:: What the task requires ::
Starting at the line that contains "Nappi L-Sectional A (Compressed Foam)" and ending at the line that contains "2013 Lincoln Mks", the lines below are to be given again exactly, with nothing added.

:: Data extract ::
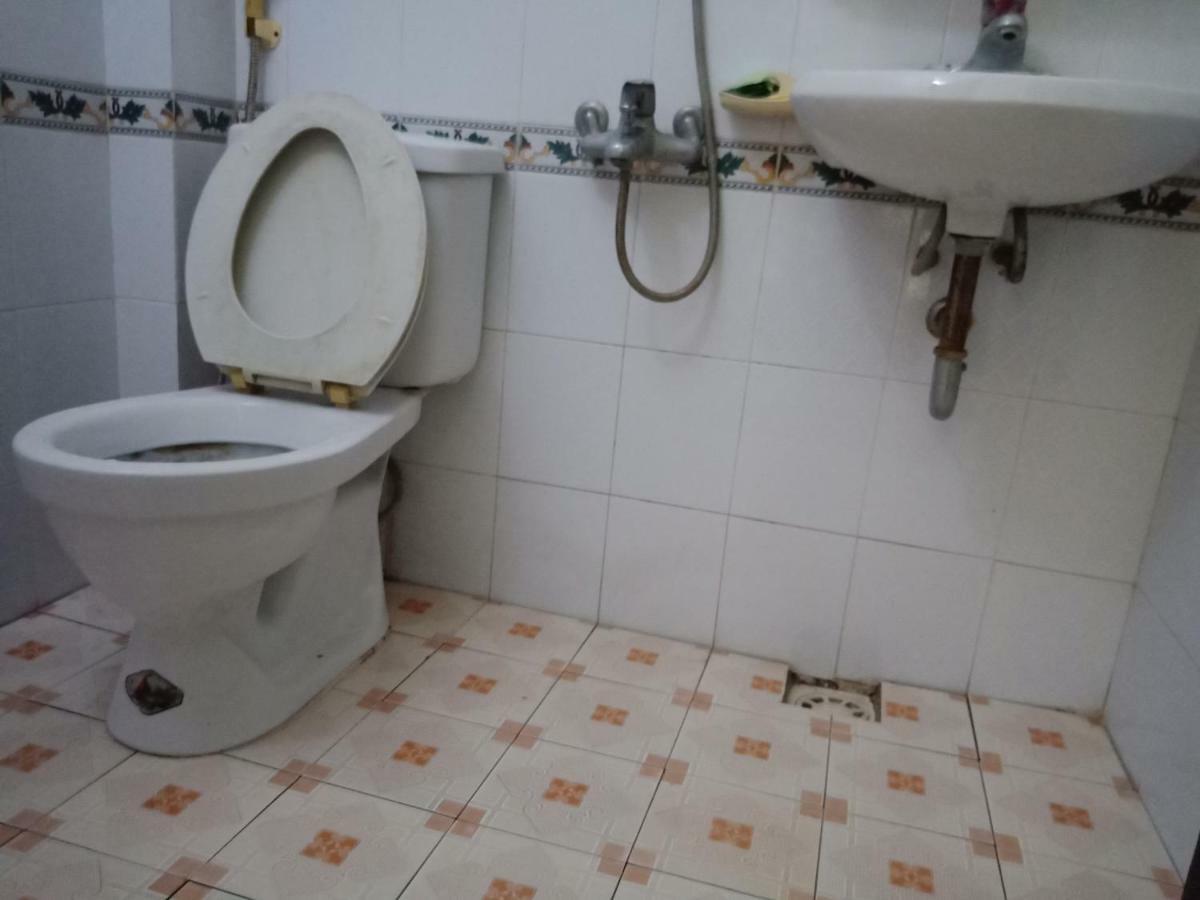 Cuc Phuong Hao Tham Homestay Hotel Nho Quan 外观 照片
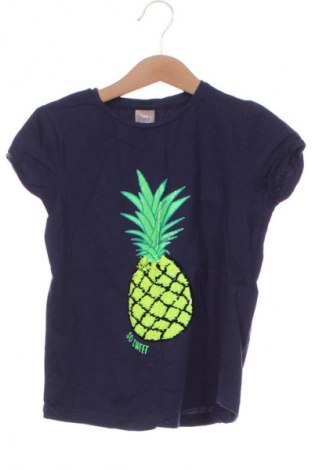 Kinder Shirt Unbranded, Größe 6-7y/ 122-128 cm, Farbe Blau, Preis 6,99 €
==
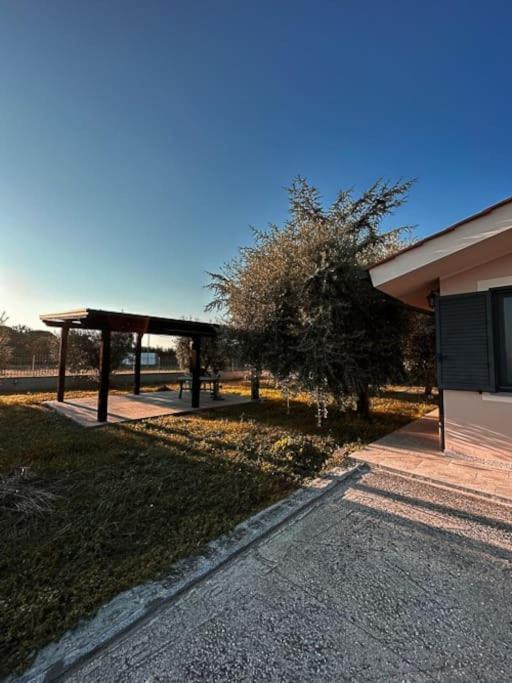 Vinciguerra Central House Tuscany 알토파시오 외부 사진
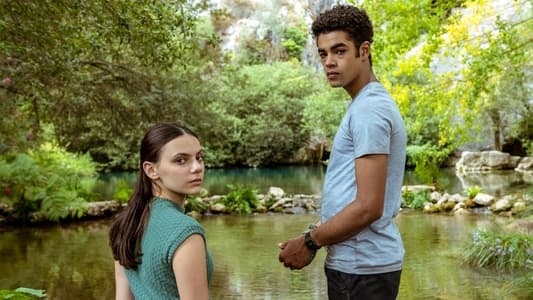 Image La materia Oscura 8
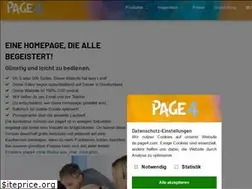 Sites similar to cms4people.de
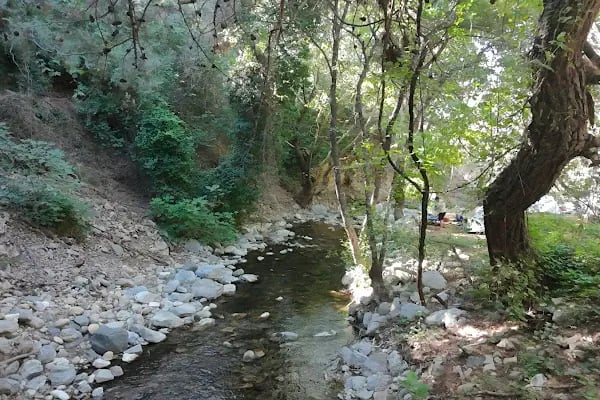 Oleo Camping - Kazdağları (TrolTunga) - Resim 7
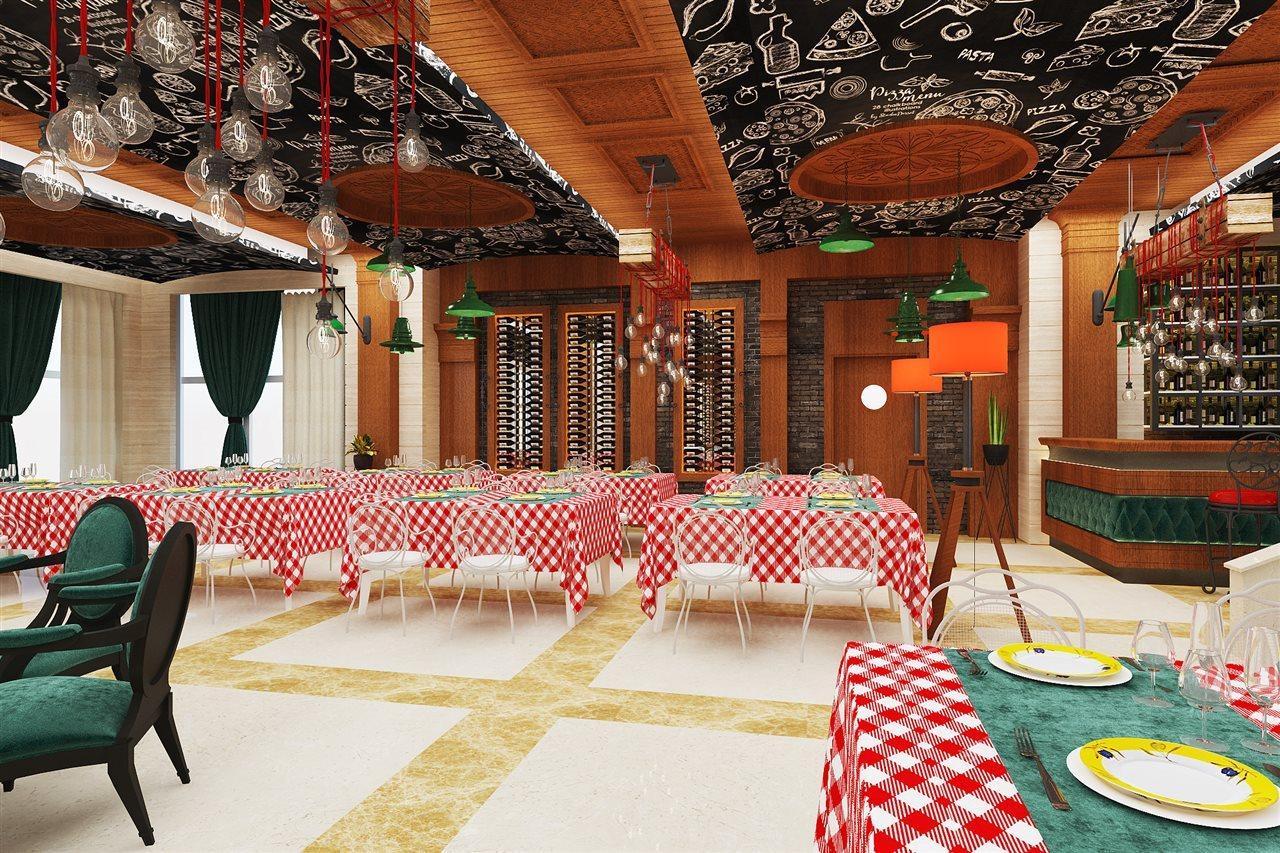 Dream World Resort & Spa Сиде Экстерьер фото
---
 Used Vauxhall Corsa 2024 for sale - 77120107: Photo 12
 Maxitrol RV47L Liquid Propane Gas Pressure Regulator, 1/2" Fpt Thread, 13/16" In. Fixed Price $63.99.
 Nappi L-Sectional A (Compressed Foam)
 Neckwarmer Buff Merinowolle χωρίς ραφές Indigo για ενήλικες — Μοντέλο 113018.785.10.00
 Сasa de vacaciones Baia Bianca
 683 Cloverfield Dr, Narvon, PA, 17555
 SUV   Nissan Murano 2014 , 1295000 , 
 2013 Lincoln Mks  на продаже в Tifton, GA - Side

:: Exercise response ::
 Nappi L-Sectional A (Compressed Foam)
 Neckwarmer Buff Merinowolle χωρίς ραφές Indigo για ενήλικες — Μοντέλο 113018.785.10.00
 Сasa de vacaciones Baia Bianca
 683 Cloverfield Dr, Narvon, PA, 17555
 SUV   Nissan Murano 2014 , 1295000 , 
 2013 Lincoln Mks  на продаже в Tifton, GA - Side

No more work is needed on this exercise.